4.       In rebuttal, the learned DR has supported the orders of the lower authorities and contended that the learned CIR(A) has passed a speaking order and there is no infirmity in the impugned order. Further argued that the issue involved in the instant appeal has already been decided by the Full Bench of this Tribunal in STA No.30/IB/2012 dated 21.05.2012 in favour of the Department. He, therefore, prayed for the rejection of the appeal.  

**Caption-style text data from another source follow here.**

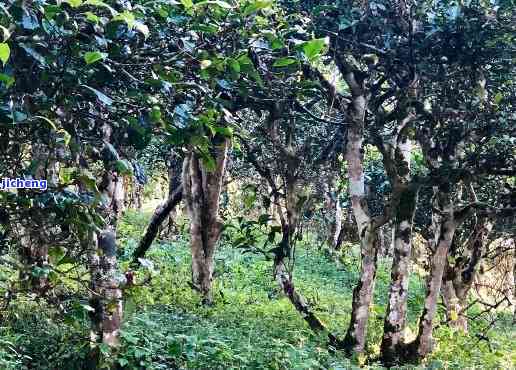 纯正云南大叶种野象谷普洱茶：古树韵味，醇厚口感，深度体验生态普洱之魅力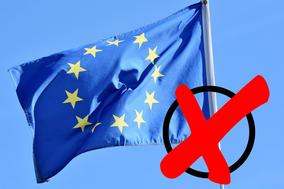 Europawahl 2019: Vorläufiges Wahlergebnis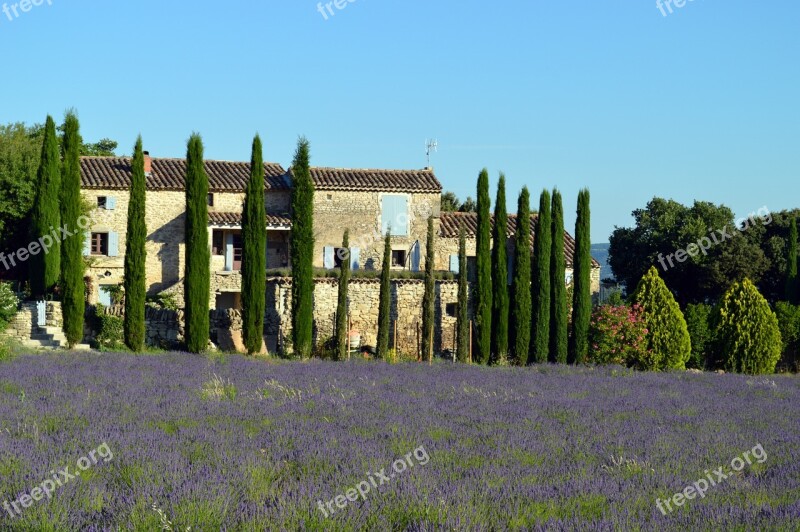 Landscape Provence Lavender France Nature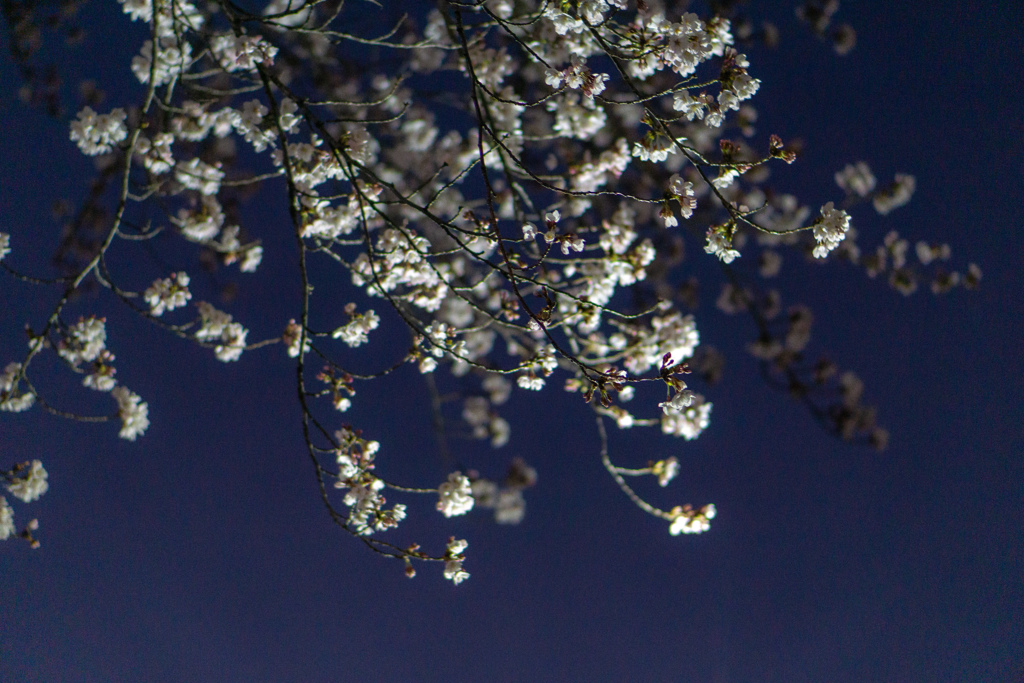 夜桜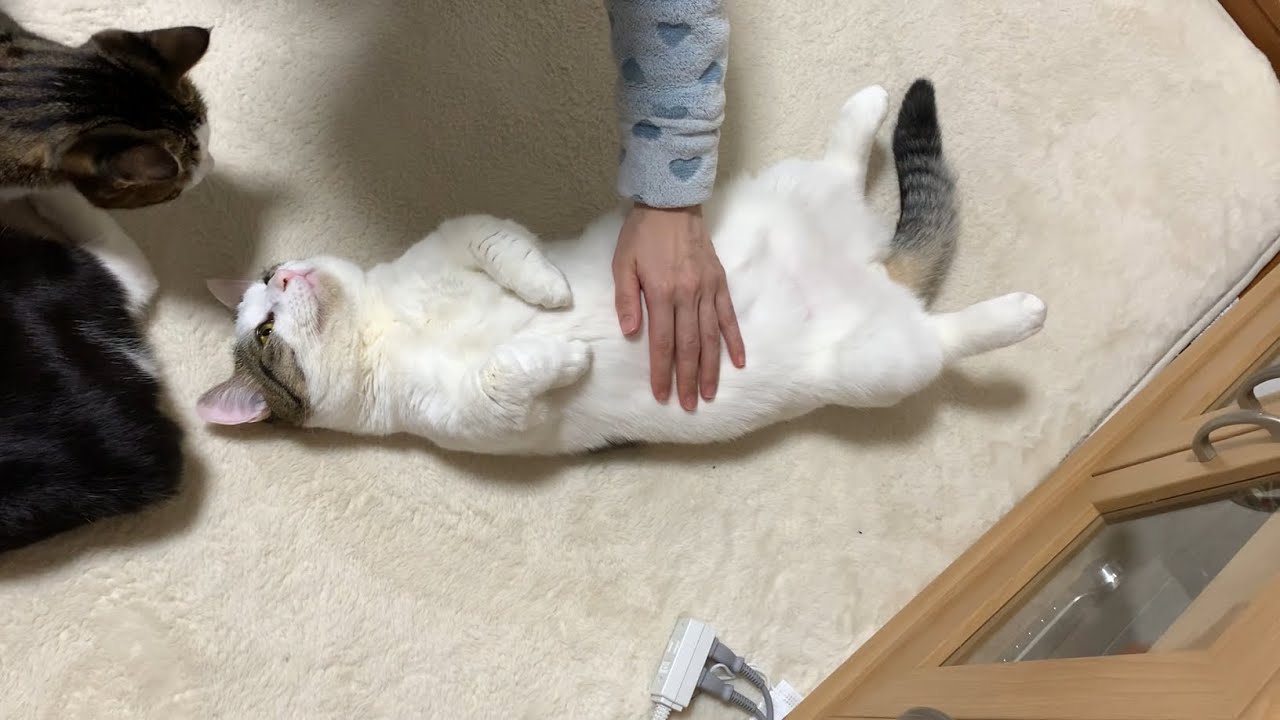 お手本のようなヘソ天の猫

5.       Arguments advanced by the learned counsels for the parties have been heard and the documents placed on record examined with their able assistance. However, before dilating upon the controversy between the parties, the Hon’ble Supreme Court in the case titled M/s Pakistan Television Corporation Ltd Vs Commissioner Inland Revenue (Legal), LTU, Islamabad, and others, (2019 PTD 484) observed that the SRO 648(I) of 2005 and SRO 550(I) of 2006 to the extent of levy of Federal Excise Duty inter alia on telecommunication services is contrary to the Constitution and the scheme of the FE Act, 2005. A tax, under Article 77 of the Constitution, can only be levied by or under the authority of an Act of Parliament. It is levied under the charging section of such an Act. Section 3 and the First Schedule to the Federal Excise Act, 2005 as well as the First Schedule to the Customs Act including PCT Heading 98.12 are statutory provisions. These can only be amended by an Act of Parliament. Delegated legislation such as an SRO cannot amend these. Section 7 of the FE Act, 2005 provides the only collection of FED in sales tax mode for such services as may be specified by the Federal Board of Revenue. SRO 648(I)/2005 as well as SRO 550(I)/2006, thus, merely authorized the collection of FED on ‘Telecommunication Services’ in sales tax mode.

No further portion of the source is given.